Deep Q-learning from Demonstrations (DQfD) for Minecraft — Tutorial 1
In 2019, a competition (http://minerl.io/competition/) was held for Minecraft which is a famous game where participant uses human game playing data for training Deep Reinforcement Learing agent.
I participated at the time, but my result was not great because I was not familiar with method for applying human demonstraion data to Deep Reinforment Learning.
The final winner of the contest used the method called Hierarchical Deep Q-Network from Imperfect Demonstrations. They published the method they used in a paper (https://arxiv.org/pdf/1912.08664v2.pdf). However, it seems that the source code has not been released yet.
Therefore, I set goal to implement paper the winner and I will record my work contents here.
Collecting wood in Minecraft
Wood is a very important resource in Minecraft. The Crafting Table needed to make a Wood Axe can be made quickly by collecting only that.
DQFD Tensorflow code for collection wood can be found on my Github repository(https://github.com/kimbring2/MineRL/blob/master/dqfd_treechop.py).
The code network structure is the same as a general DQN network, and differs from the existing DQN in that human demonstrations are used for training.

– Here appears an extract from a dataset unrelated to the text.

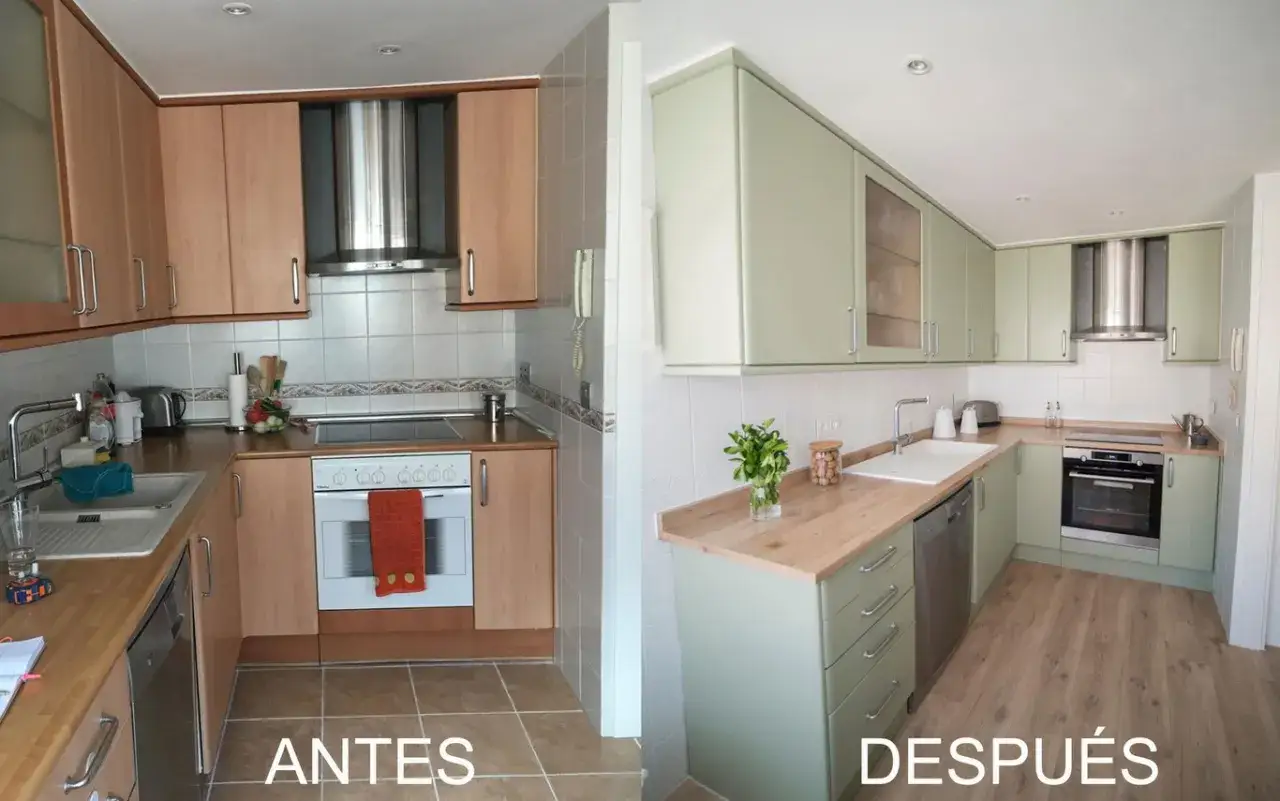 Cocina antes y después: un cambio radical para renovar cocina con poco dinero. Gabinetes verdes, encimera de madera y suelo nuevo.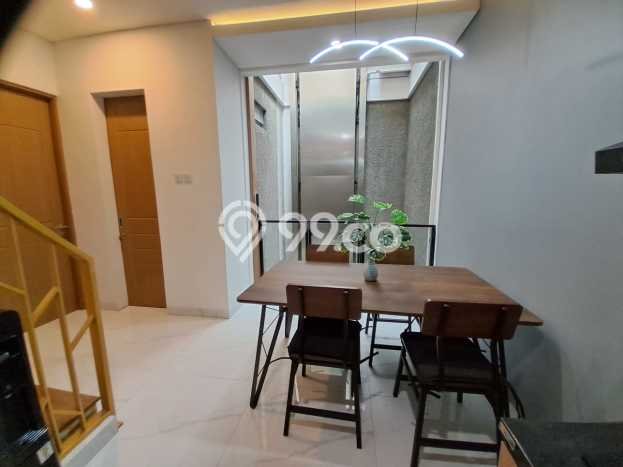Jual Rumah Luas Megah Dengan View Eksklusif di Pejaten, Jakarta Selatan Jual Rumah Luas Megah Dengan View Eksklusif di Pejaten, Jakarta Selatan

The above code consist of training Deep Q-learning network using human demonstration data using Supervised Learning method. After finishing that training part, agent start to interact with real environnment. It collects a new data from that process and use it with human demonstration data for training network using Reinforcement Learining.
These kind of method is called Deep Q-learning from Demonstrations which was published by DeepMind in 2017. That method often used in hard environments where it is difficult to solve using only Deep Q-learning.
Collecting wood with Minecraft is not easy from a Reinforcement Learning perspective. It is relatively easy for an agent to get a tree near. However, agent should attatk a specific location certain number of times.
If Reinforcement Learning is used for that task only, training would take a very long time.
Ways to improve agent performance
When you confirm DQFD training goes well using first code, it is necessary to improve the performance of the agent by changing the network structure and action type. Since Minecraft is a first-person game, there is a limitation of information that is recognized once. Therefore, it is necessary to additionally use RNN in addition to CNN.
DRQFD Tensorflow code for collection wood can be found on my Github repository(https://github.com/kimbring2/DQFD_Minecraft/blob/master/drqfd_treechop.py).
Unlike the network structure of first code, you are able to see that RNN network is added to CNN network.
RNN added agent shows better performance compared to DQFD agents. In particular, agent try to collect remaining tree after chopping front side tree in when RNN is added.